2. Ma solitude.
Ma solitude est une femme au visage familier. Du plus loin que je me souvienne, elle a toujours cheminé à mes côtés. Elle me tend la main lorsque je trébuche ; borde mes draps le soir dans ma chambre baignée d’obscurité ; veille sur mes nuits peuplées de rêves et de cauchemars. Au fil du temps, elle prend les traits de la fée d’un livre d’images. Je rêve à elle pour retourner aux songes de mon enfance volée entre un père fantôme et une mère évaporée.

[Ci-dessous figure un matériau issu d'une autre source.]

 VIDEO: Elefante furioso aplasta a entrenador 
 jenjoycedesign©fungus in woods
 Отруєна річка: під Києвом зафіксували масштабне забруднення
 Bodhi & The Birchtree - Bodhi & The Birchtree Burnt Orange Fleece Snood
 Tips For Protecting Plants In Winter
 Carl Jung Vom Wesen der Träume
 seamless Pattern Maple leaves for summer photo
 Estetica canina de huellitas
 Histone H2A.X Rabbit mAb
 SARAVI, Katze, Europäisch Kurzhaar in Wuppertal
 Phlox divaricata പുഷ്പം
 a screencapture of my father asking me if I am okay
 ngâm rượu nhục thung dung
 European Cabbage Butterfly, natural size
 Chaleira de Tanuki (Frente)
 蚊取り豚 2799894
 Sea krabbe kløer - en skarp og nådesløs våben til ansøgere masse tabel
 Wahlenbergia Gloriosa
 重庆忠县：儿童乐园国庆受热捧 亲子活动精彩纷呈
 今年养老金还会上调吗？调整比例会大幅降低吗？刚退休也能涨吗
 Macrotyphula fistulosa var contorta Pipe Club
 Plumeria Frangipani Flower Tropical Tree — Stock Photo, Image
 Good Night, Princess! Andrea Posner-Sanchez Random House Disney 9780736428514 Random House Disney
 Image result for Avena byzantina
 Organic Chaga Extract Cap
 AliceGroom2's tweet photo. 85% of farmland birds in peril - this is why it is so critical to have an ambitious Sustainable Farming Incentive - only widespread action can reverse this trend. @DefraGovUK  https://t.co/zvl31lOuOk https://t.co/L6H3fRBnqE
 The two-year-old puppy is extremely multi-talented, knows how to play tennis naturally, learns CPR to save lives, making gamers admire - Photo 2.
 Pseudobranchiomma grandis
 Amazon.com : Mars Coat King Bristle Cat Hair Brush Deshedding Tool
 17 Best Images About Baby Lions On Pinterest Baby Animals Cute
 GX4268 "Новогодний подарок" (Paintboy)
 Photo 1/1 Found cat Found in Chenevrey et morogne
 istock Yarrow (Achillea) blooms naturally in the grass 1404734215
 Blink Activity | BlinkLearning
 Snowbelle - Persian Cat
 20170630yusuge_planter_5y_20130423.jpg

Mon père travaillait dur, ma mère se distrayait. Elle papillonnait de soirées en concerts, de parties de bridge en déjeuners. Chez nous, c’était un défilé incessant de visites et de fêtes, de belles dames en chapeaux et de messieurs en habits. Parfois, j’étais présent et je demeurais sagement assis sur ma chaise. J’avais trouvé une tactique infaillible pour échapper au monde de ma mère. Je m’enfermais dans une bulle. Personne ne la voyait, personne ne la sentait mais pourtant, je vous assure, elle était bien réelle. J’y entrais un pied derrière l’autre ; je m’accroupissais et je refermais tout doucement la porte de peur que la bulle n’éclate. Une fois installé, plus rien ne pouvait m’arriver : je n’entendais rien, je ne voyais rien, je ne pensais à rien. Le monde tout autour de moi devenait transparent.
J’étais la fierté de ma mère : son petit garçon " tellement " sage et de surcroît " si " bon élève. Sûr, j’allais faire de solides études.
Ces études, je les ai faites. Je suis devenu " diplômé universitaire " mais un diplômé toujours solitaire. Je me suis retiré du monde, sans amis, sans relations, entouré seulement de livres et de cahiers et j’ai été reçu avec une couronne de lauriers. Reçu " cum laudae ".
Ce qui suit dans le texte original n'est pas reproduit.